From the Chart tab, you can modify the chart or graph by selecting the specific type you want to display your data.
Below is an example of a column chart:
Unnecessary dimensions may be hidden, or removed, from table view. Before hiding any dimensions, ensure the dimension is set to the total. Start by hovering over the dimension you want to hide until the cross-arrows cursor appears; click and hold the dimension until it becomes a yellow bar. Drag the dimension to the “Other:” bar, located at the top of the table. In this example, “Occupation” is not relevant and will be removed from the table view.
In some cases, users may want to calculate a different total than what is provided in the table. Also, some multidimensional tables may not have a total calculated for a particular dimension. In this case, from the Table tab users should select “Totals and Percentages”, then click the option for “Row total” or “Column total”. Selecting either will calculate the total for the row or column, depending on which total is desired.
MISSING AND SUPPRESSED DATA
Specific symbols may appear in the table cells to signify missing, suppressed or unreliable data:
The CPD multidimensional tables contain two symbols: a double-dashed line and a single period or dot.
A double-dashed line “- -“ is used to represent no data or missing data
A single period or dot “.” is used to represent suppressed data.
Each survey has a cutoff below which data records may not be published and should be suppressed.
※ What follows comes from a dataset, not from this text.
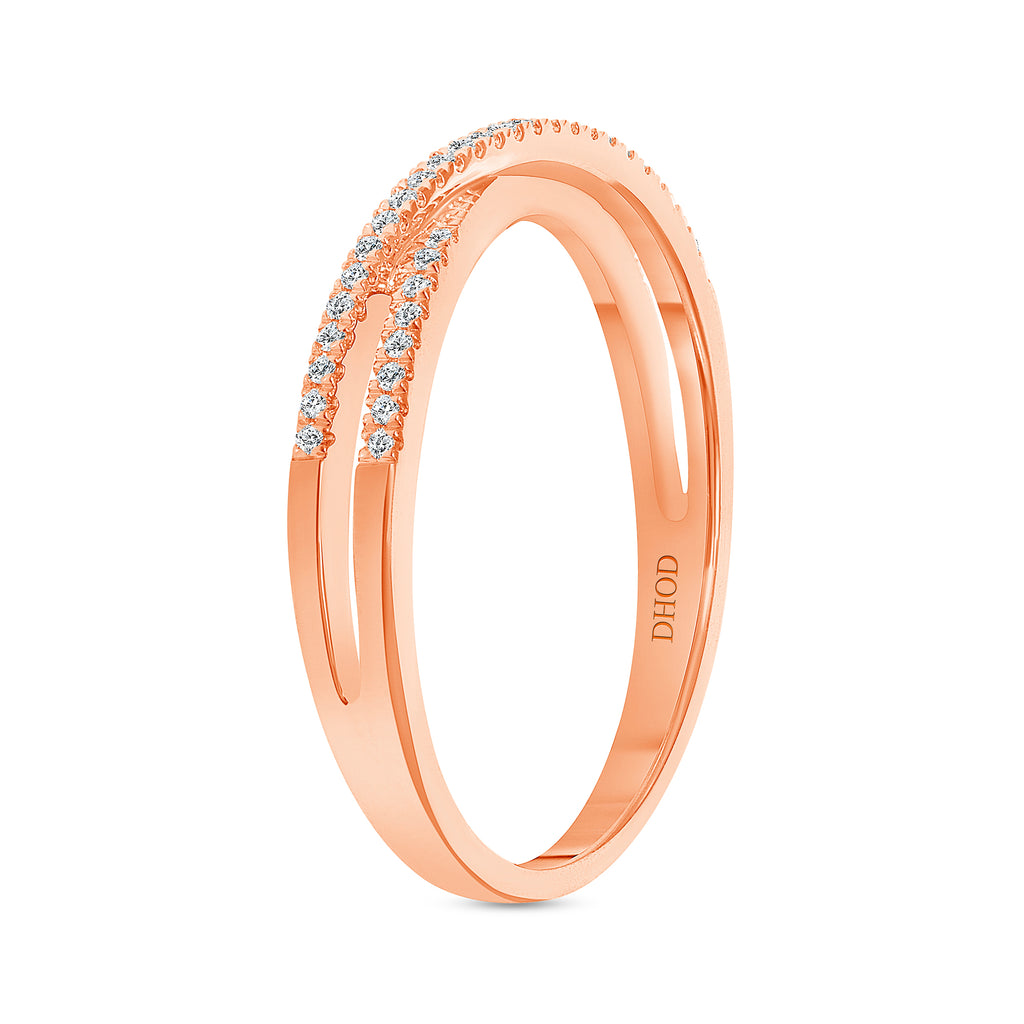 14K Gold X Mini Narrow Diamond Ring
Suppression generally occurs either because to show a small number of specific cases would compromise the anonymity of survey respondents, or because the group is too small for researchers to draw accurate conclusions from the sample. Each survey varies in its sample size and rules for suppression. For more information, consult the CPD data quality + suppression excel document for survey specific threshold limits by country and year. Note – the EU LFS suppression limits changes on an annual basis. Users should consult the Eurostat website for more detail on data publication guidelines and thresholds.
USING STATISTICAL DATA
It is essential that you are careful in how you use statistical data. First, you should think about what story you are trying to tell with the data. Numeric data does not stand alone. It needs to be interpreted through a conceptual framework which each researcher provides. What questions are you trying to answer with this data? What is the best way to apply the data to your specific needs?
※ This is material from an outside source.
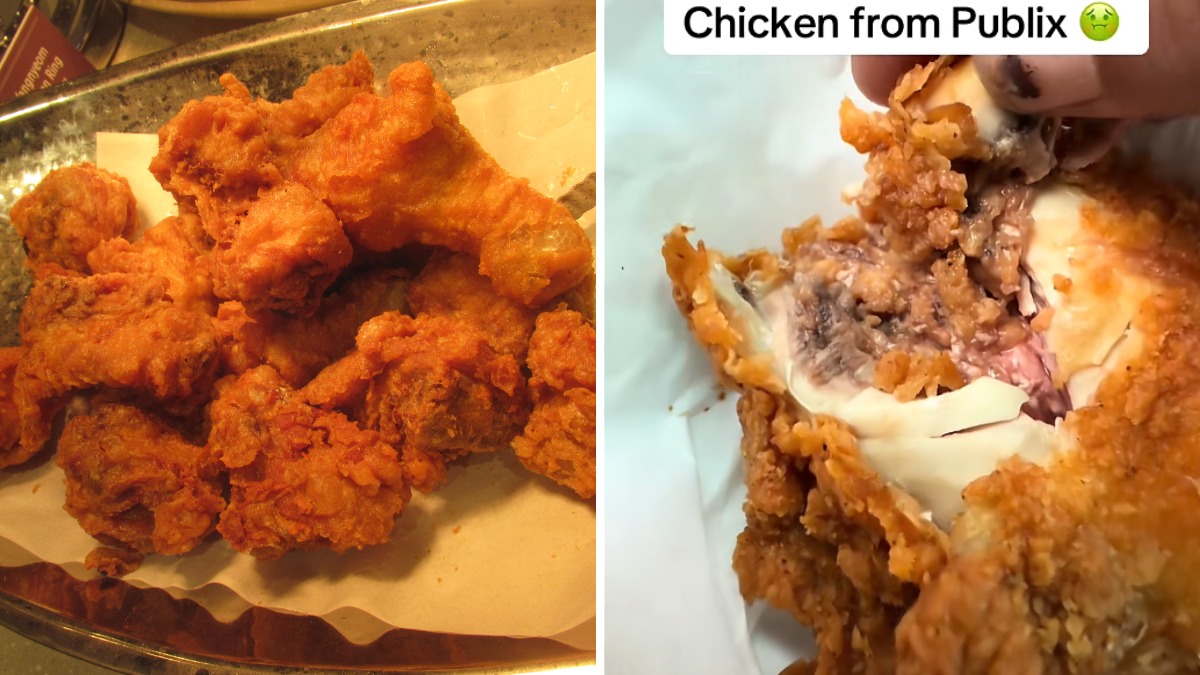 Why was a man disgusted after cutting into Publix fried chicken?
Second, do not assume that because statistical data is numeric that it is truth. Be critical of how the data was obtained, and what types of questions were asked. You can click on the file and dimension summary icons in the table to find out more about how the table and dimensions were developed, what surveys were used to create the table and what are the suppression limits associated with the data in the table and become aware of the caution flags associated with that table and/or dimensions.
You should also ensure that your method of calculation is correct. If you are trying to calculate a percentage from the table make sure that you are using the correct total.
*Note: You must apply for access to the statistical tables of the Comparative Perspectives Database. See the apply for statistics access page for eligibility requirements and other information.